A father of three is telling the story of how his family survived thanks to his wife’s quick thinking in the middle of chaos when a 21-year-old gunman opened fire during a 4th of July parade in Highland Park, Illinois, killing seven people and injuring over 30 more.
Shawn Cotreau, 46, says there’s one thing his three sons, 2, 9, and 11, look forward to every year: Visiting their grandparents in Highland Park, Illinois, and attending the annual 4th of July parade.
“They love it,” Cotreau, who is from Boston, told TODAY Parents. His wife, Jacqueline, grew up in Highland Park, and her family has lived there for 34 years.
“My kids were up at 6 a.m.,” he added. “They got their grandparents up and got them to drive one of their cars down to where they wanted to sit.”
As his children were waving at floats and waiting for those walking in the parade to pass out candy, Cotreau says he heard two loud clicks and quickly turned around, frustrated that someone would have the audacity to light fireworks during a parade.
“I turn around, and I see this guy on a roof with a rifle,” Cotreau says. “And all of a sudden he just opens up, and all you could hear was (gunfire noise): Just never stopping.”
‘My wife, who is amazing, got our whole family up’
Cotreau says in that moment, he could not move — he stared at the shooter as bullets hit a tree directly in front of him.
“I was frozen in sand, looking at this guy with a gun and bullets,” he explained. “My wife, who is amazing, got our whole family up.”
Cotreau says Jacqueline, 42, immediately sprang into action, yelling at him to move and running with their 11- and 9-year-old. Cotreau then picked up his 2-year-old and, with his child in his arms, sprinted to safety, following his wife and sons as they ran down the street before turning a corner and hiding in the back of a pick-up truck.
“We didn’t know if he was going to jump off the roof; we didn’t know where he could be,” he said. “Finally, we heard the shooting stop so we made our way from that spot, which was probably only 100 or 200 feet from the shooting, to four blocks away and to our other car.”
Cotreau and his family offered rides to anyone who was near and needed one, and after what he estimates to be 35 minutes they made it out of the area and safely home.
Days later, Cotreau says he can’t stop thinking about how vital it was that his wife reacted so quickly — a lesson he wants everyone to learn from his experience.
“Don’t wait, no matter who it is, what it is. This is going to continue to happen, unfortunately, and until we figure something out, that reaction time is so crucial for anybody; any family,” he says. “I waited, my wife didn’t. Thank God she was with me — three more seconds and those bullets could have been in me.”
‘They’re struggling right now’
Coteau says that while his family is certainly lucky to be alive, they are not unscathed — especially his two older boys.
“They’re struggling,” he said. “We had tickets last night to the White Sox — their grandfather takes them — and my oldest son didn’t want to go. My younger son and my wife went with my father-in-law, and they said it was very tough — they were shooting off fireworks and that was jarring.”

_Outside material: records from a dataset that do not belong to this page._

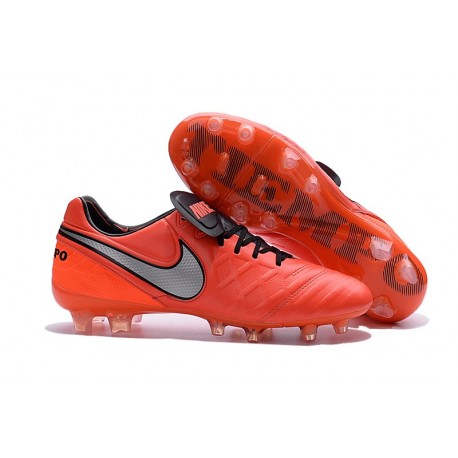 Nouveaux 2016 Chaussures Cuir de Kangourou Nike Tiempo Legend VI FG ACC Rouge Argent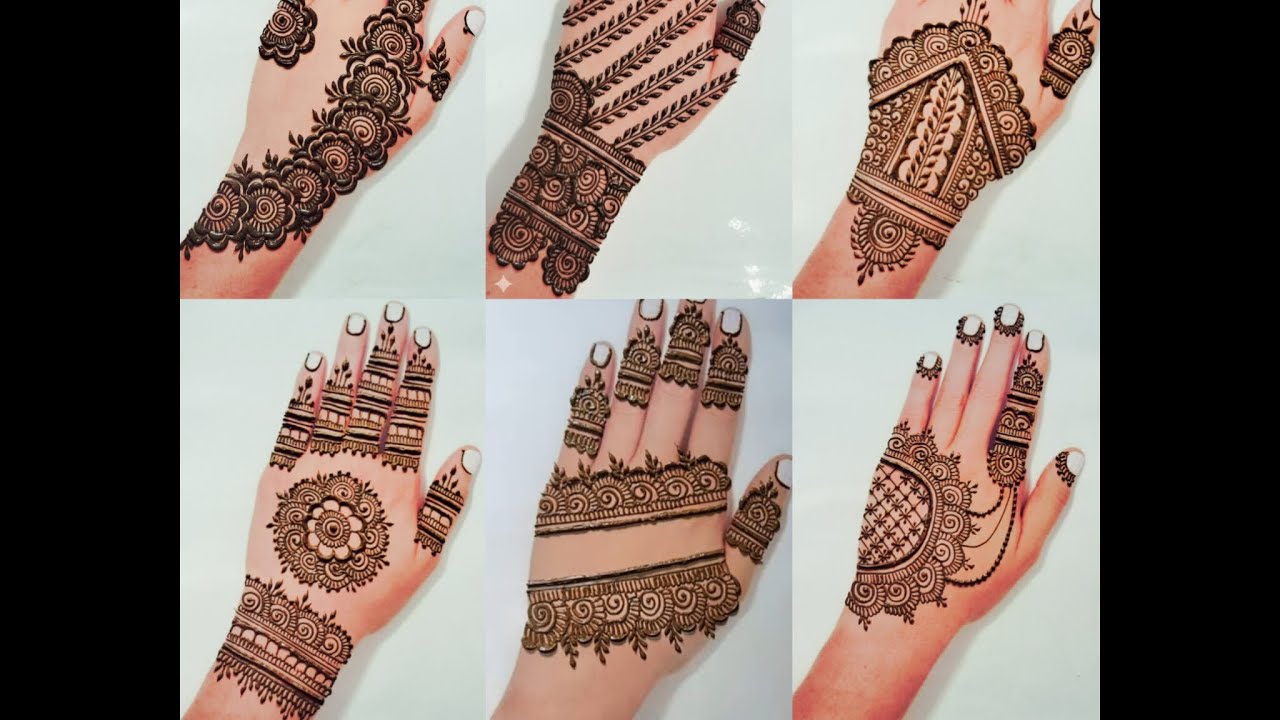 Top 6  New Arabic back hand mehndi design |trending now Minimal back hand mehndi design | 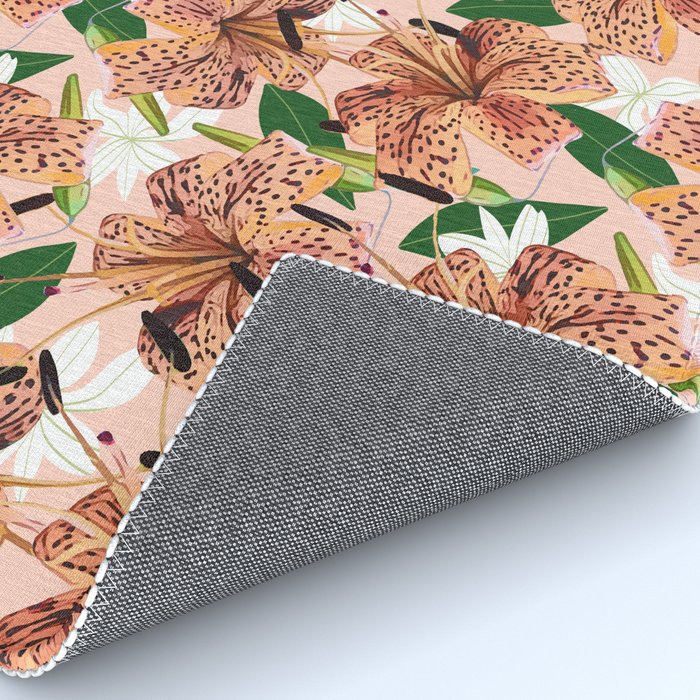 Tiger Lillies, Tropical Blush Botanical Illustration, Polka Dots Nature Vibrant Floral Jungle Rug Gallery Image 4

His older son is having nightmares, Coteau adds, and hasn’t been sleeping. His younger son hasn’t wanted to leave the house.
“They just haven’t really wanted to do much except plug themselves into their iPads,” he explained. “Which is crazy, because they love doing activities here. I think it’s going to take some time for them.”

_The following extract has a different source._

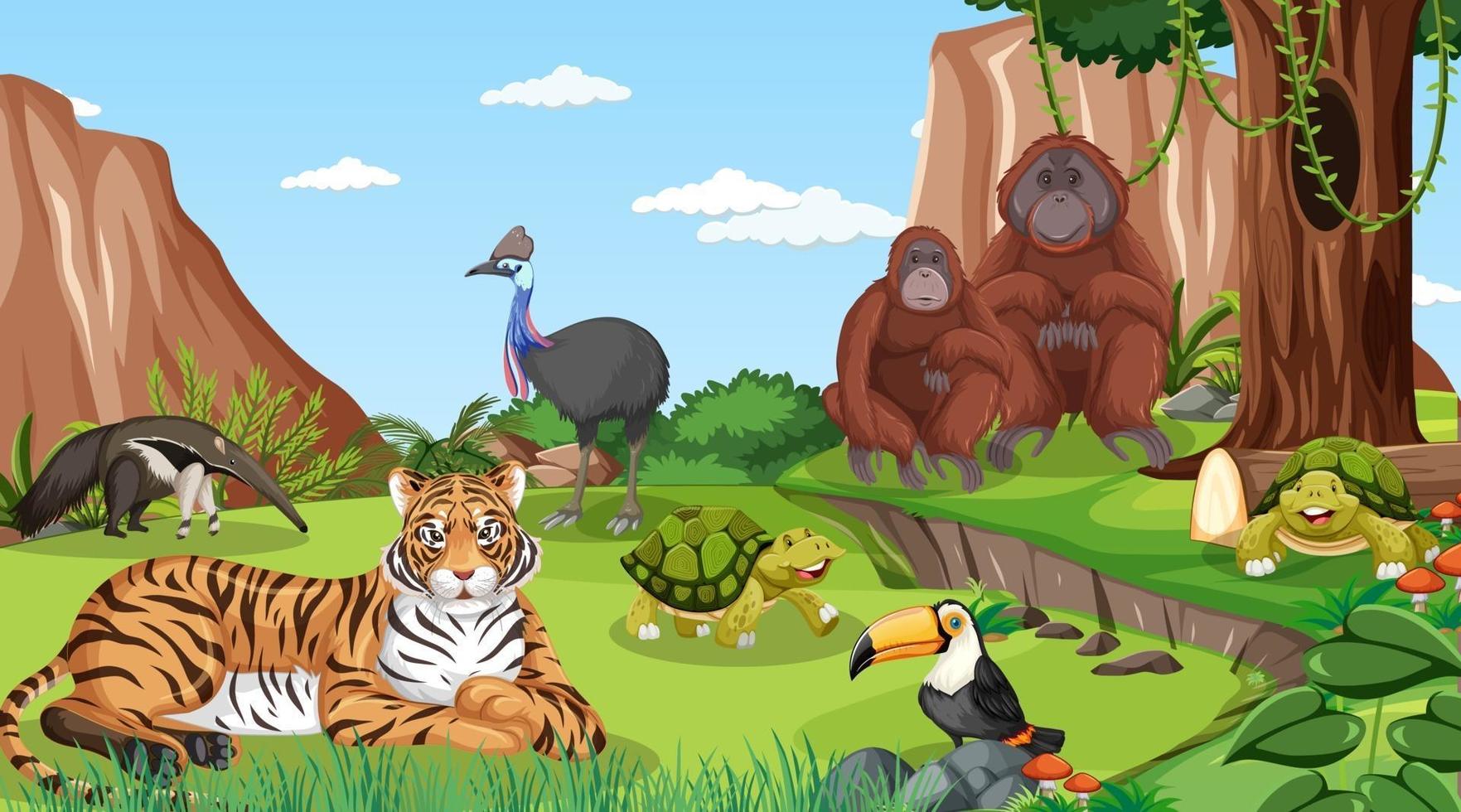 Un tigre con otros animales salvajes en la escena del bosque. vector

“This is their comfort place, so I hope that they love coming back here and that this one person doesn’t destroy everything,” he said.
Coteau says he and his wife are struggling, too.
“My wife, she always tries to be strong — she’s definitely the strongest one out of all of us,” he said. “I think it’s stressing her; it’s tensing her. She didn’t see what I saw — I saw the shooter and I saw the bullets. She reacted to it. I saw it.”
“I’ll be fine for a couple hours, and suddenly I’ll be sitting there thinking, ‘three feet to the left, and I don’t have a family.’ That’s how close it was,” Coteau says.
He says before the parade started, his youngest son wanted to sit in a spot where some people ended up being shot and killed. They didn’t, though, because his older son wanted to sit in the “family spot.”
“If we didn’t sit where we always sit, if that tree wasn’t there, those bullets would have been hitting us,” he added. “I’m just thankful none of us were physically hurt.”